Rick Buchtman is known for bringing out quite the spread when he goes ice fishing on Upper Greenwood Lake. In addition to his gear, he drags out a grill, a sled with firewood, chips, sodas, and venison hot dogs from a deer he’d shot and had butchered locally.
“That’s part of ice fishing, sharing a natural resource,” said Buchtman.
The grill is a steel drum on skis that his crew fished up from the bottom of the lake a couple years ago. Somebody else must’ve made the drum for ice fishing and left it out on the ice too long, Buchtman conjectured. He is not about to make the same mistake. “That comes home with us every time,” he said.
An arborist by trade, Buchtman can only sneak out once or twice a month to fish in the summer. Come winter, he can be found “jiggin’” weekly.
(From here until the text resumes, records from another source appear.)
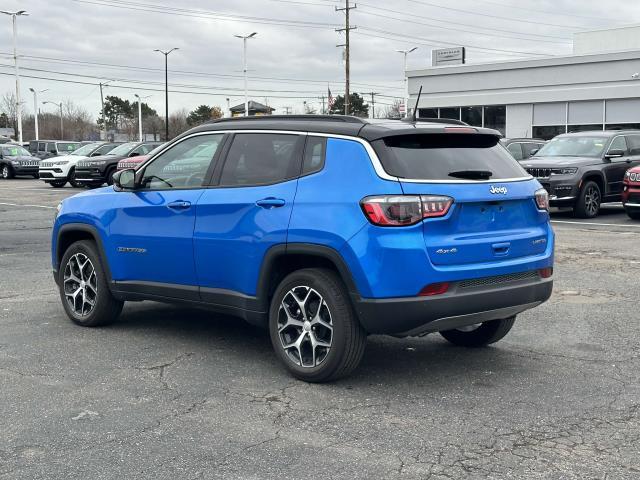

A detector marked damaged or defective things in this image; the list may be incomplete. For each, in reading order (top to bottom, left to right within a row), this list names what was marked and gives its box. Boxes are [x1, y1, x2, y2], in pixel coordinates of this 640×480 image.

cracked pavement [1, 181, 640, 480]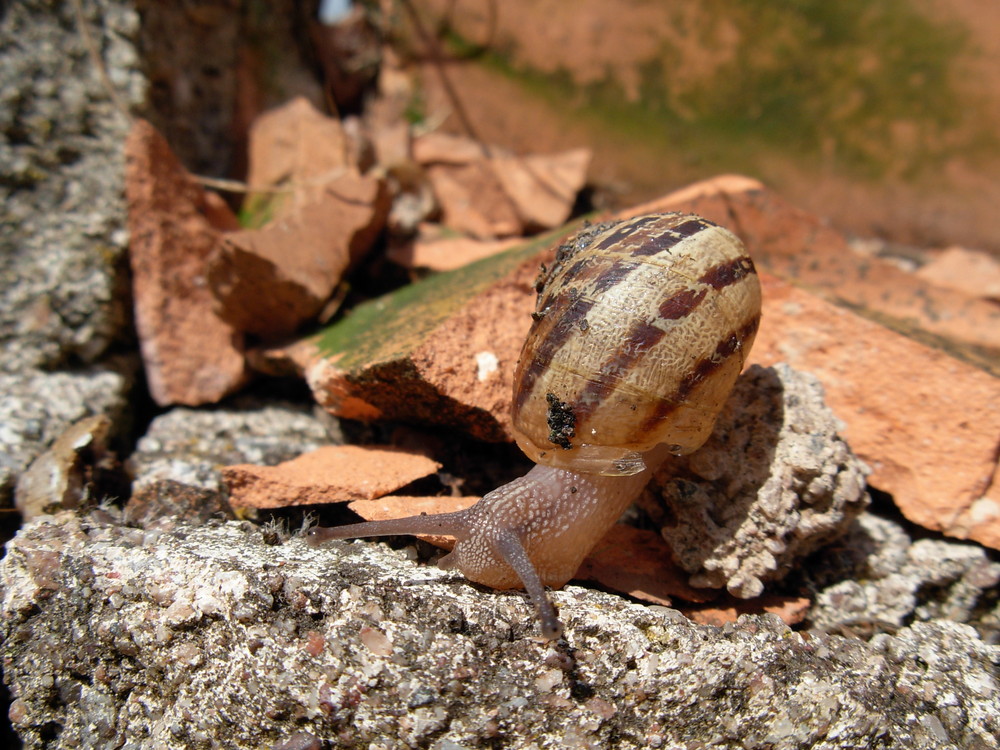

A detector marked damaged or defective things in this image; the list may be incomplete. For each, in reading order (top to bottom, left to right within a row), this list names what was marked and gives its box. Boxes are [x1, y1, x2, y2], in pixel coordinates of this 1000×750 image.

broken terracotta tile [123, 119, 248, 408]
broken terracotta tile [209, 172, 388, 340]
broken terracotta tile [384, 225, 524, 274]
broken terracotta tile [624, 170, 1000, 370]
broken terracotta tile [916, 248, 1000, 304]
broken terracotta tile [752, 274, 1000, 548]
broken terracotta tile [227, 446, 446, 512]
broken terracotta tile [348, 496, 480, 548]
broken terracotta tile [576, 524, 716, 608]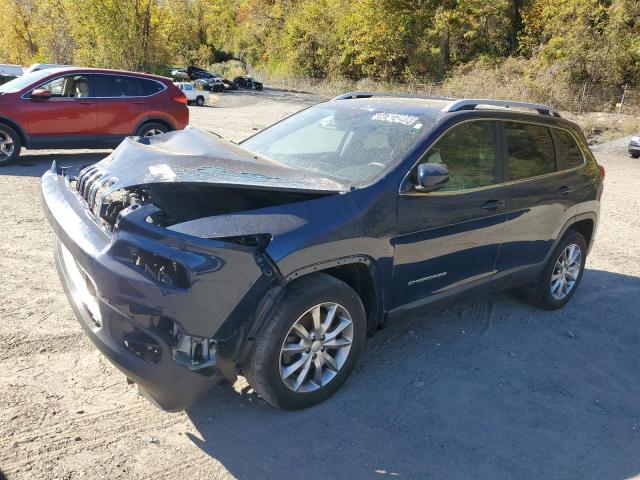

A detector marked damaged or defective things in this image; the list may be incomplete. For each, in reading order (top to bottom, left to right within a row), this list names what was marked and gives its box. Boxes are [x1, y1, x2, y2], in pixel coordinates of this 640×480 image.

crumpled hood [88, 129, 348, 195]
damaged blue suv [42, 93, 604, 408]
The day starts at sun-up and goes until 4pm or so. “If you drag that much stuff on the ice you try to make a day of it,” he said.
Ice fishing is naturally a more sociable pastime than being out in a boat that can only hold a few guys, Buchtman finds. He invites his daughter, the local Boy Scout troop, anyone with kids.
“When the kids are there, it doesn’t matter whose flag goes off, we get the kids to go deal with the fish. It just brightens up the day,” he said. “If you can get a kid hooked on fishing, that’s a lot of fun. It’s a clean wholesome activity, it teaches them respect for natural resources, and they get to see firsthand where their food comes from.”
When you’re out on the ice for the day, you can pop in to have a hot dog with another camps or, as happened the day Dirt tagged along, you might toss a few fish to a dad and his kids skating by. You can even take a snooze in a sled, as demonstrated by Buchtman’s fishing buddy Casey Norman. Norman had been on a date the night before, and the afternoon found him catching zzz’s instead of fish.